Pierwsze minuty gry były wyrównane. Walka toczyła się kosz za kosz. Dopiero pod koniec kwarty goście odskoczyli na kilka punktów, ostatecznie wygrywając tę część meczu 18:25. W drugiej kwarcie głównie za sprawą świetnie kierującego poczynaniami kolegów Piotra Kardasia goście zaczęli powiększać swoją przewagę. Kolejne punkty zdobywali Artur Donigiewicz, Paweł Wiekiera oraz Jakub Zalewski. Pod tablicami rządził i dzielił z kolei Michał Nikiel. Do przerwy wynik było już 50:38 dla Rosy.

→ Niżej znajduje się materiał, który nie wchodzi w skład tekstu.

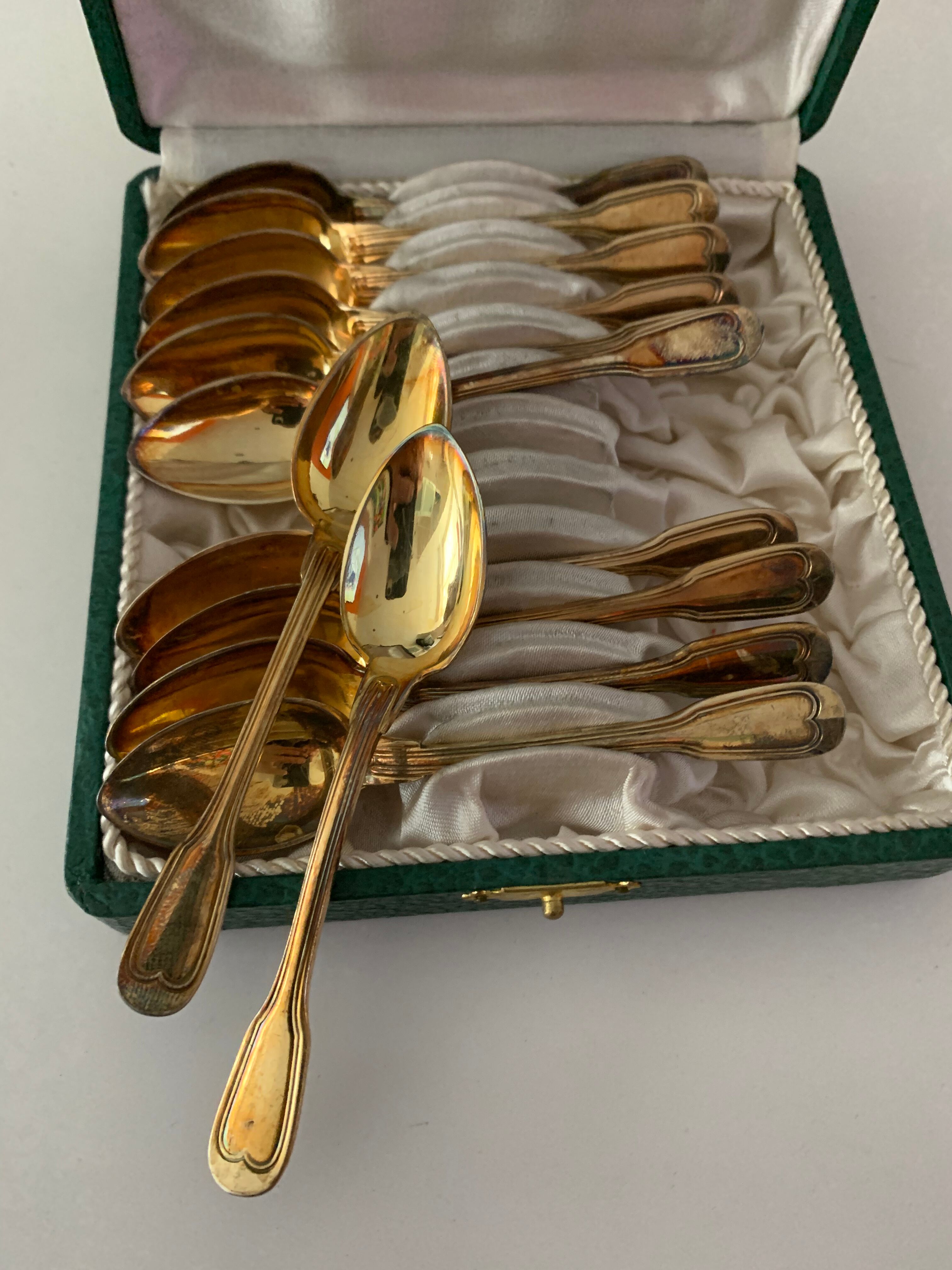 Mocha spoons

Wynik ten dawał jeszcze nadzieję gospodarzom na końcowy sukces. Jednak obraz gry po przerwie nie zmienił się. Rosa spokojnie kontrolowała przebieg wydarzeń na parkiecie, z każdą minutą powiększając różnicę dzielącą obie ekipy. W barwach Staco jedynie Szymon Kunc, Fabian Mróz i Piotr Mętel skutecznie gonili rywali. Słabo dziś dysponowany był Tomasz Suski. W ostatniej kwarcie jedyną niewiadomą był rozmiar porażki gospodarzy. Ostatecznie dzięki trójce Karola Muszyńskiego Rosa wygrała 102:73.

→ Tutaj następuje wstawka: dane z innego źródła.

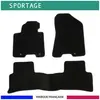 KIA Tapis de voiture - Sur Mesure pour SPORTAGE (2015 - 2020) - 3 pièces - Tapis de sol antidérapant pour automobile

Ozdobą meczu był dunk Donigiewicza po podaniu Kardasia. Trener Piotr Ignatowicz skorzystał z usług wszystkich swoich graczy, z których aż 11 zdobyło punkty. Na pytanie czego zabrakło dziś gospodarzom, aby powalczyć z faworytem rozgrywek drugi trener Staco Marcin Cekiera przyznał: - Słaba organizacja gry, a co za tym idzie nieskuteczność to dwa podstawowe mankamenty. Było kilka optymistycznych fragmentów gry, ale z takim przeciwnikiem jak Rosa trzeba zagrać dobrze całe 40 minut żeby odnieść sukces.

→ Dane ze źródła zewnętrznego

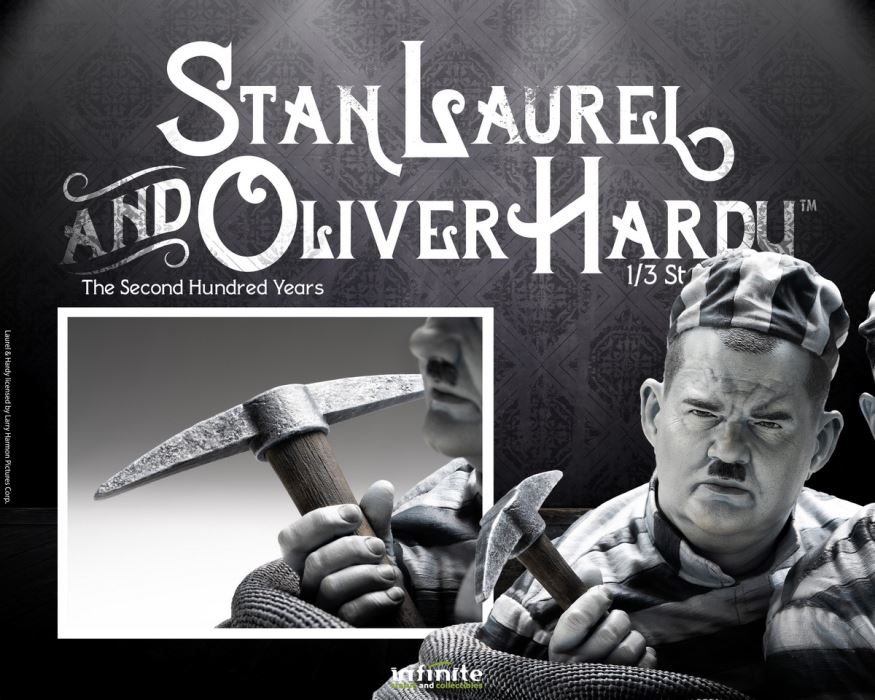 STAN LAUREL & OLIVER HARDY 1/3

Należy dodać, iż goście zdominowali grę na desce oraz zaaplikowali gospodarzom aż 11 celnych rzutów za 3 punkty.
Staco Niepołomice - Rosa-Sport Radom 73:102 (18:25, 20:25, 16:23, 19:29)
Staco: Sz.Kunc 17 (9 as), Suski 5 (1x3), Bychawski 8 (6 zb), Mętel 14 (2x3), Mróz 20, Stodolski 2, D.Kunc 3(1x3), Kasak 0, Cekiera 0, Karbarz 2, Winkler 2.
Rosa-Sport: Kardaś 0 (8 as), Donigiewicz 16 (1x3, 7 zb), Podkowiński 3, Wiekiera 15 (2x3, 6 zb), Nikiel 11 (10 zb), Sosnowik 5, Kapturski 11 (2x3), Wróbel 4, Maj 6, Muszyński 5 (1x3), Michałek 5 (1x3), Zalewski 21 (4x3).